The data:
*** Block opens ***
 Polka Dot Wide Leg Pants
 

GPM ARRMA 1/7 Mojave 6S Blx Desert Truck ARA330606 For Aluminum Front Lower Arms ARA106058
*** Block closes ***
*** Block opens ***
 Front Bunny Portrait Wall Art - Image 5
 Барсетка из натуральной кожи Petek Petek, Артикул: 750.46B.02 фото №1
*** Block closes ***
*** Block opens ***
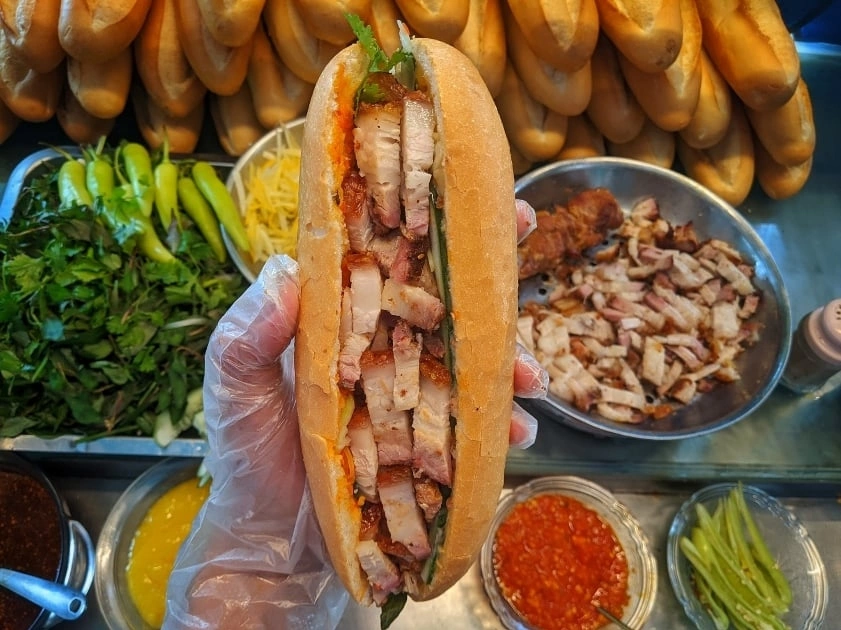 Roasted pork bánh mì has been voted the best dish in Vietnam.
*** Block closes ***
Problem details:
Copy each line of the listing that contains the string "Front".

Task result:
GPM ARRMA 1/7 Mojave 6S Blx Desert Truck ARA330606 For Aluminum Front Lower Arms ARA106058
 Front Bunny Portrait Wall Art - Image 5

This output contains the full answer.